(Web page caption snippets)
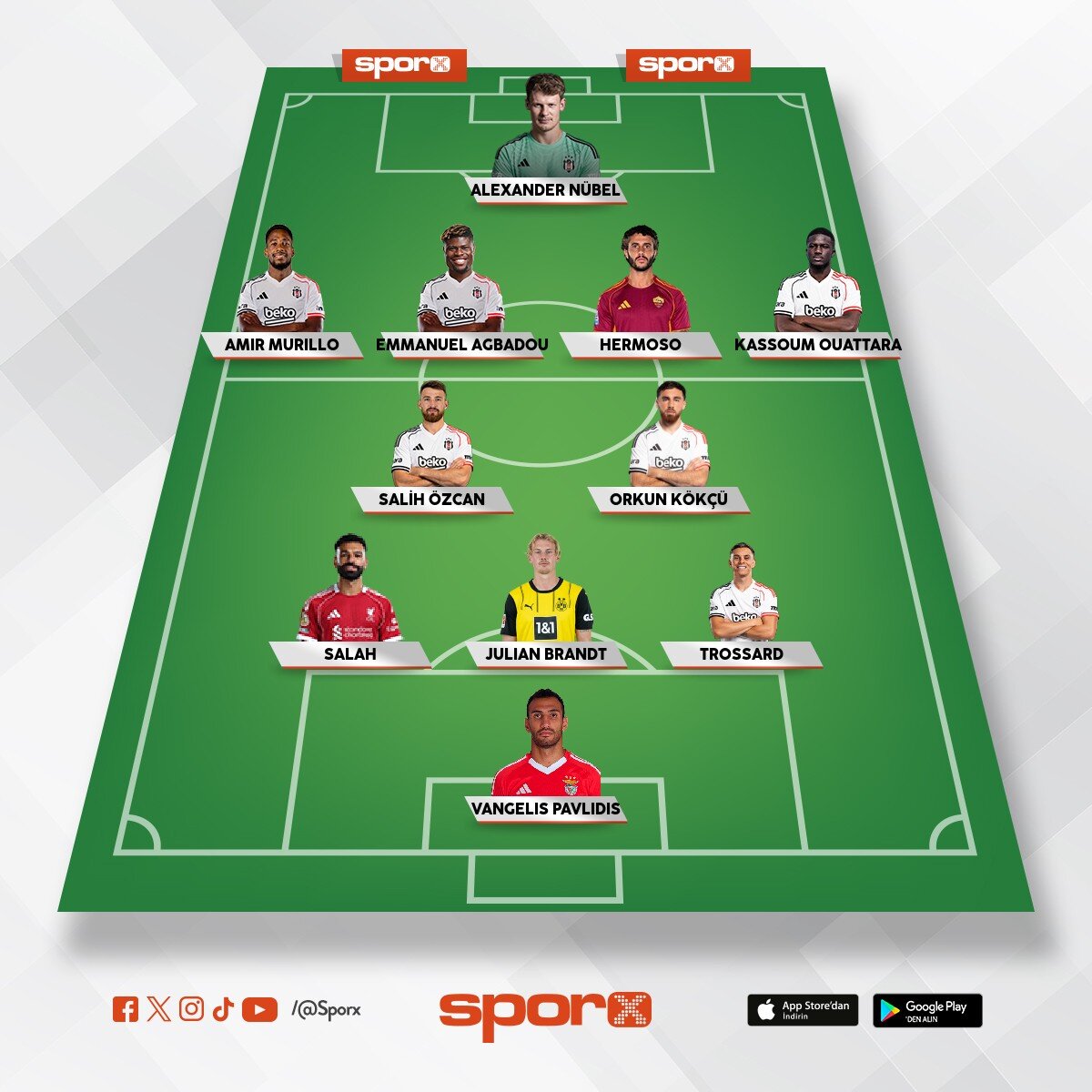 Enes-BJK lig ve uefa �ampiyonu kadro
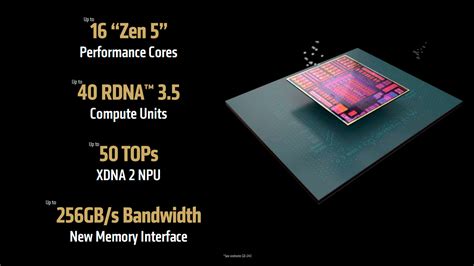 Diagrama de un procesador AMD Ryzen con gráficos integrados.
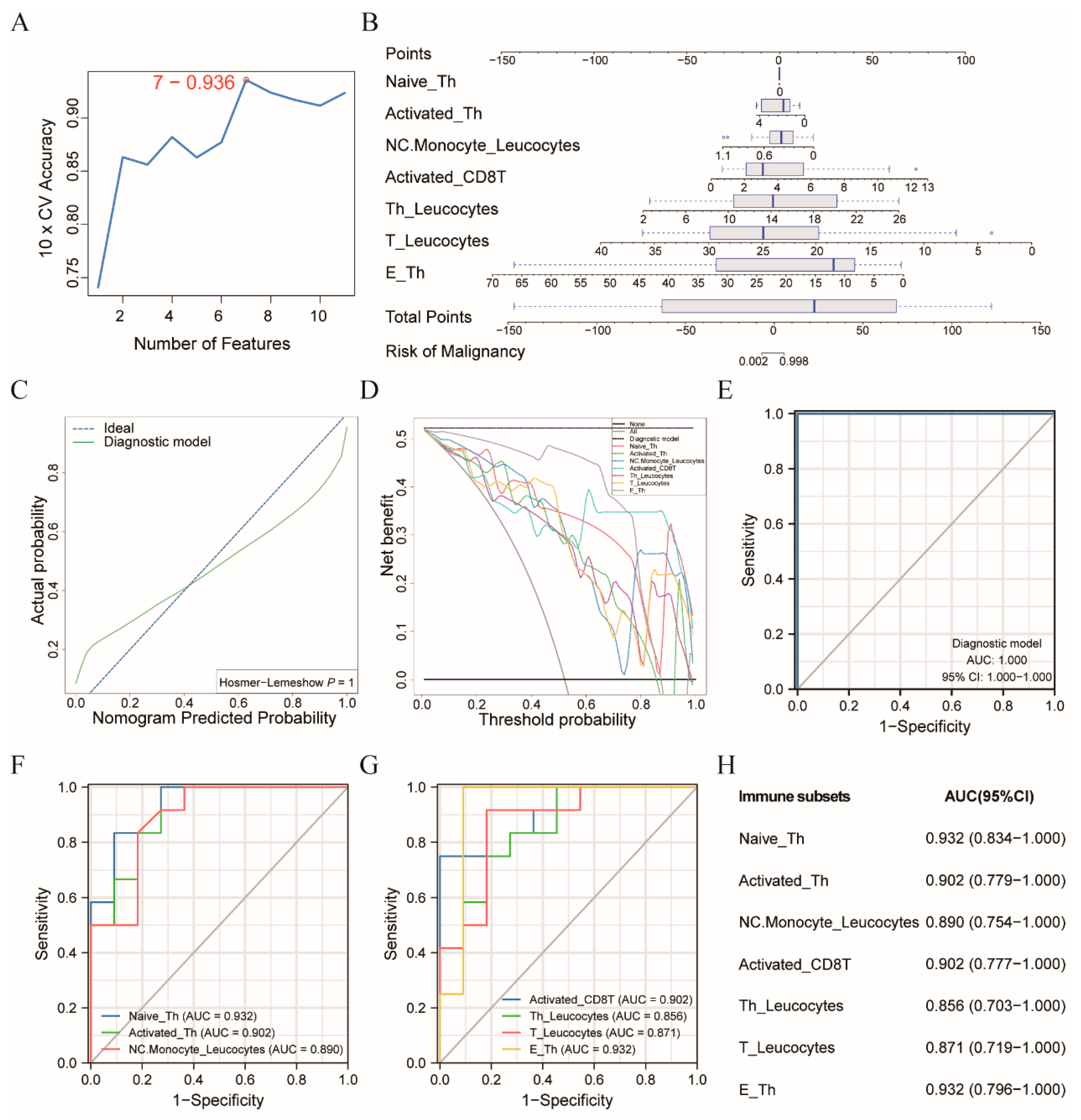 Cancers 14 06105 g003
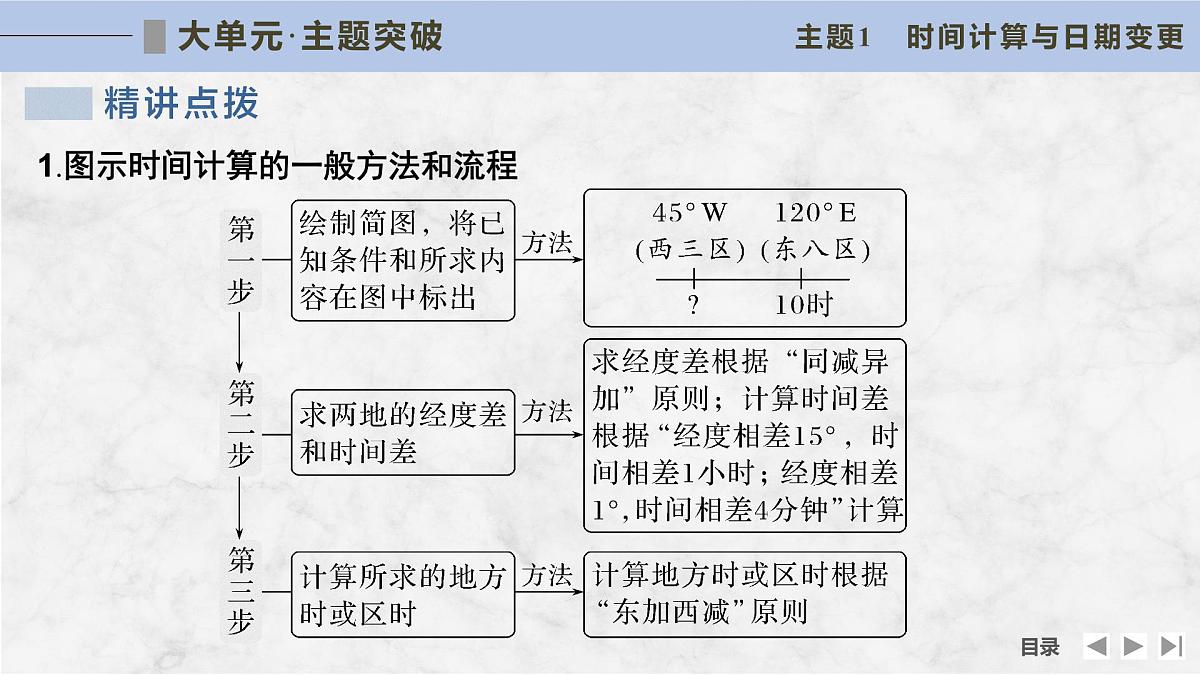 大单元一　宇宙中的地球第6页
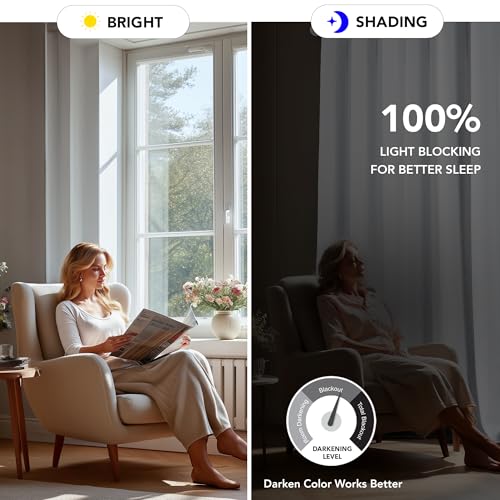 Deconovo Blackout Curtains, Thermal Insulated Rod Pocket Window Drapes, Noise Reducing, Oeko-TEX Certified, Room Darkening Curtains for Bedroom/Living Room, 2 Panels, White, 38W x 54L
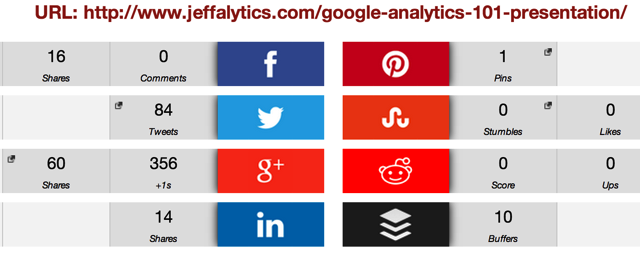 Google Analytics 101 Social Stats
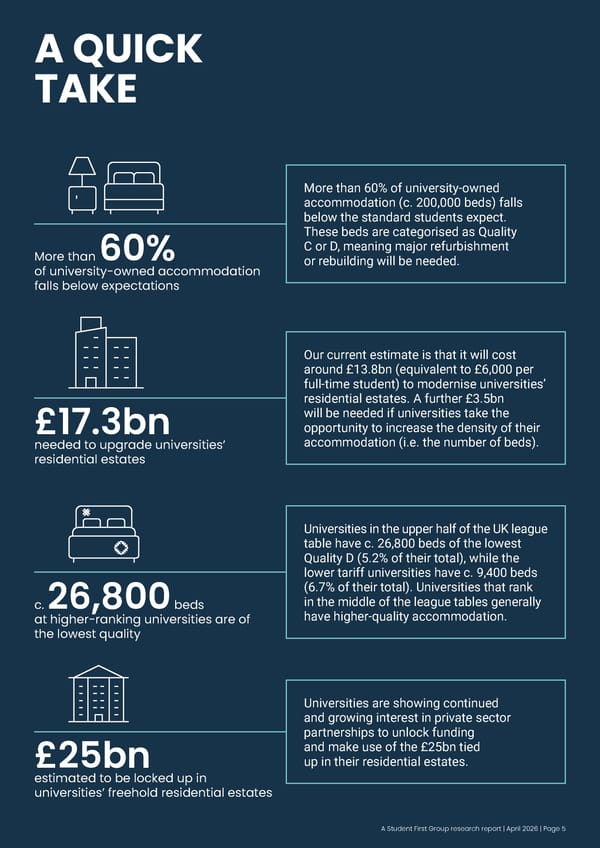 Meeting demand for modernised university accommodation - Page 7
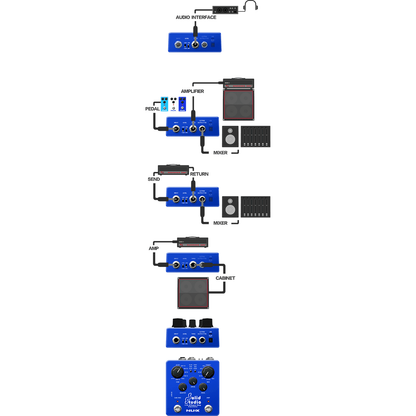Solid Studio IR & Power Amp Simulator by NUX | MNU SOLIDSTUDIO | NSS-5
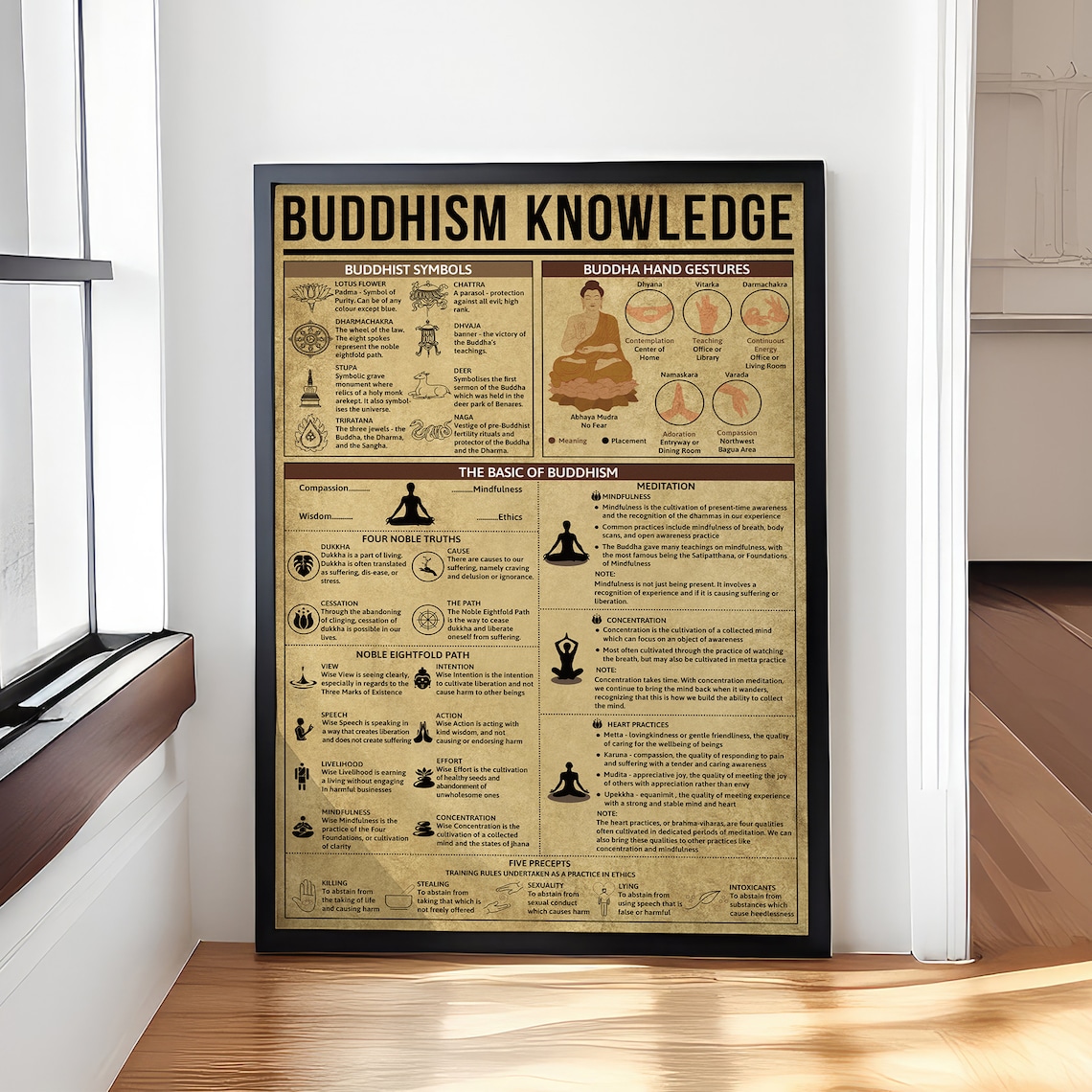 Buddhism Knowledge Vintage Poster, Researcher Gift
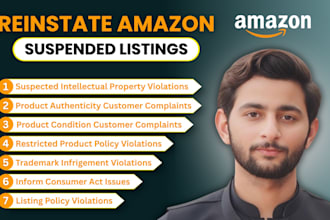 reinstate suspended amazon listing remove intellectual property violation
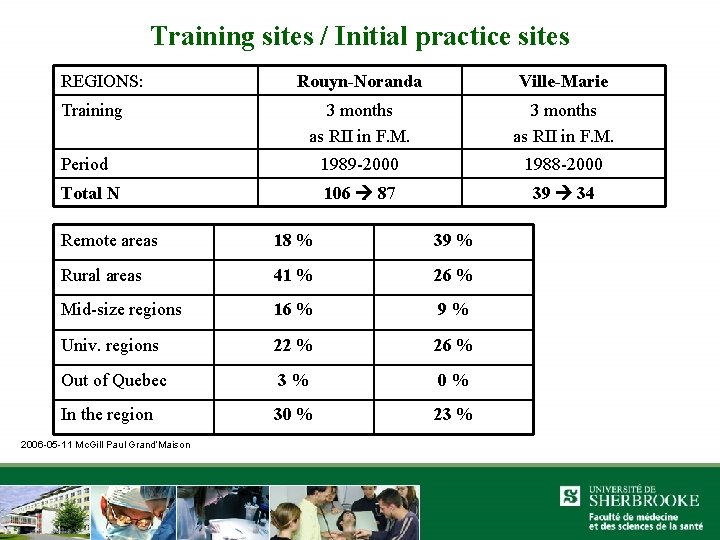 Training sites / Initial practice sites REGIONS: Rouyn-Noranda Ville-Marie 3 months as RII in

PROBLEM STATEMENT => Since the pictures are not part of the copy, please transcribe only the lines above from the one with "Diagrama de un" through the one with "Google Analytics 101 Social Stats", exactly and with both ends.

REPLY =>
 Diagrama de un procesador AMD Ryzen con gráficos integrados.
 Cancers 14 06105 g003
 大单元一　宇宙中的地球第6页
 Deconovo Blackout Curtains, Thermal Insulated Rod Pocket Window Drapes, Noise Reducing, Oeko-TEX Certified, Room Darkening Curtains for Bedroom/Living Room, 2 Panels, White, 38W x 54L
 Google Analytics 101 Social Stats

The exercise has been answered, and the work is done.